痛み止めの湿布や薬も、これと似た側面があります。炎症を抑える一方で、結果的に局所をむくませて痛みを感じにくくさせているのです。もちろん、急性期の激しい痛みには有効ですが、常用することで脳がその部位の状態を「自覚」できなくなり、根本的な治癒が遅れたり、問題が先送りされたりする可能性には注意が必要です。
「過度な緊張」が奪う、生命線の流れ
弾力性を奪うもう一つの大きな要因が、「過度に緊張している状態」です。
筋肉や筋膜が過度に緊張し、硬くなっていると、その内部を走る血管は圧迫され、血流が悪くなります。その結果、細胞の修復に不可欠な酸素や栄養の供給が滞ってしまいます。
さらに深刻なのは、神経の通り道も圧迫されやすくなることです。これにより、脳と身体の間の情報伝達がスムーズに行われなくなり、これもまた「弾力性」を低下させ、回復を妨げる大きな要因となります。
探求を深めるための、いくつかの羅針盤(書籍紹介)
この記事で触れた「エネルギー」「自覚」「身体の構造」といったテーマは、私自身が長年探求し続けてきたものでもあります。その思考の旅路において、道しるべとなってくれた書籍をいくつかご紹介します。

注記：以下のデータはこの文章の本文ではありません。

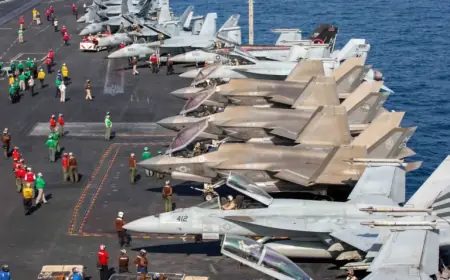 Trump Aims for Iran Regime Change Without Deploying US Troops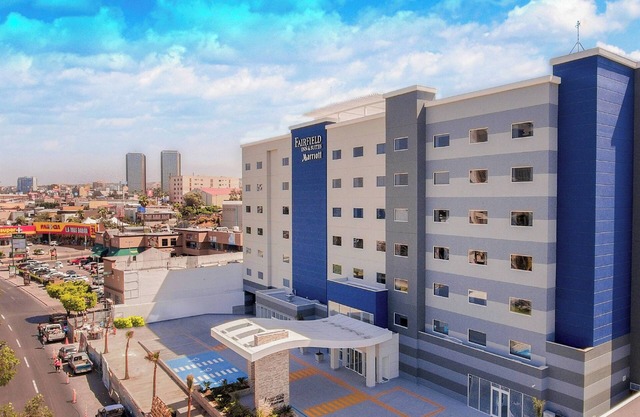 Fairfield Inn & Suites by Marriott Tijuana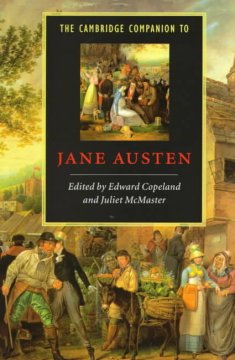 The Cambridge companion to Jane Austen  Cover Image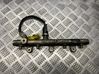 Fuel main line pipe 9655182580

- 📚 『E=mc2のからくり エネルギーと質量はなぜ「等しい」のか』
- 目に見えない「エネルギー」という概念を、物理学の視点から深く理解するための一冊。身体に働く力を、より本質的に捉えるためのヒントがここにあります。
- 📚 『空海と智の構造』
- 「自覚」や「認識」といった、心と身体の繋がりを探求する上で、東洋の叡智は欠かせません。物事の構造をどう捉え、理解していくか、その思考の深さに圧倒されます。
- 📚 『ミルトン・エリクソン心理療法 〈レジリエンス〉を育てる』
- 「治る力」とは何か。心理療法の天才ミルトン・エリクソンのアプローチは、身体の「弾力性(レジリエンス)」を高めるという私の考えと、多くの点で共鳴します。
- 📚 『トートラ人体解剖生理学』
- 全ての基本となるのが、人体という精緻なシステムの理解です。むくみや緊張といった現象が、身体のどの部分で、どのようして起きているのか。その土台となる知識が詰まっています。
まとめ:「自覚」こそが、治癒への第一歩
「むくみ」も「過度な緊張」も、それ自体が絶対的な悪なのではありません。時には、身体を守るための防御反応でもあります。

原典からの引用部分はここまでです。